Characterizing link asymmetry in vehicle-to-vehicle Visible Light Communications

2015 
Recently, it has been found that Vehicular Visible Light Communications (V2LC) can effectively address several challenges faced by conventional Radio-Frequency-based (RF-based) vehicular communications. Utilizing the LED headlamps and taillights as the transmitter and a photodiode as the receiver, V2LC has high reliability even in high vehicle density scenarios, can effectively identify the transmitter of a received message, and has low cost. In this paper, we identify a new problem unique to V2LC - link asymmetry, which is defined as significant difference in incoming and outgoing links and perform the first experimental work to characterize the problem.

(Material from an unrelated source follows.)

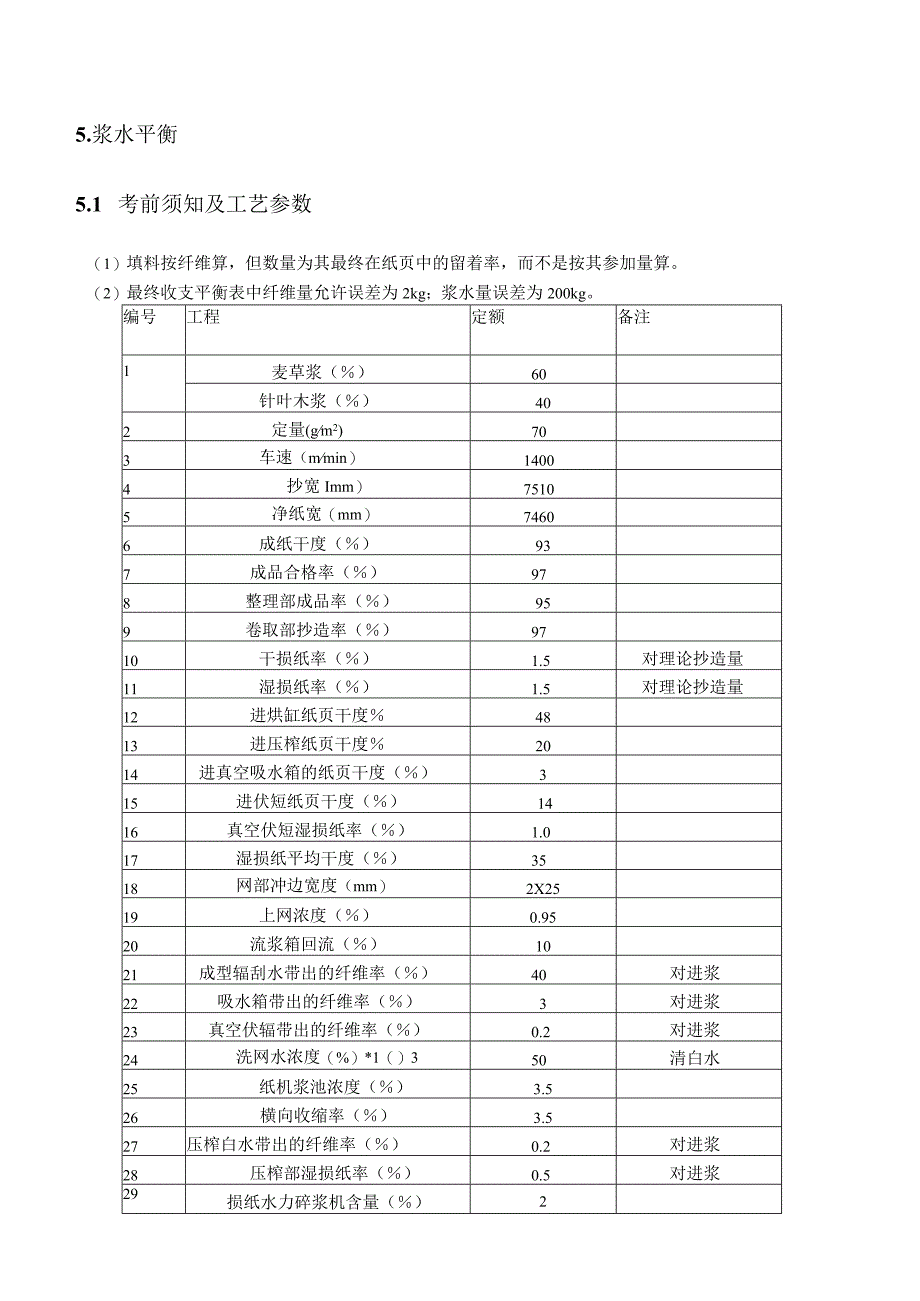 浆水平衡计算.docx_第1页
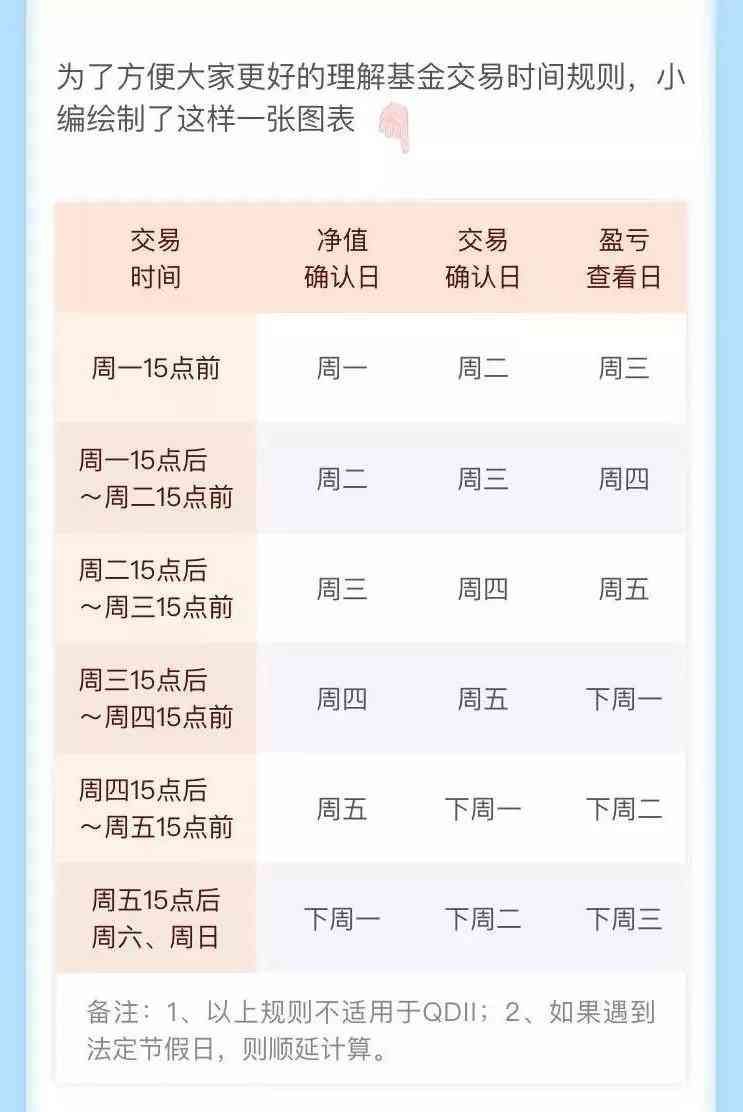 新手买基金3个月后才能卖吗（新手必看】基金交易中需要注意哪些关键时间点）(图4)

To this end, we performed extensive optical radiation pattern measurements with off-the-shelf LED headlamps and taillights. We also collected a number of vehicle mobility traces with 2-dimensional locations with centimeter-level accuracy as well as vehicle bearing. Combining these data, we performed an analytical study to obtain an experimental distribution of received power difference of the links in opposite directions. Our results show that in 80% of the cases the received power of the outgoing link using the headlamp of our vehicle is 22 dB or more than the received power of the incoming link using the neighboring vehicle's taillight, and only 8.1% of the cases have less than 10-dB received power difference. This suggests that the link asymmetry problem is very severe in V2LC and new system design or protocol design consideration is required to prevent significant throughput degradation.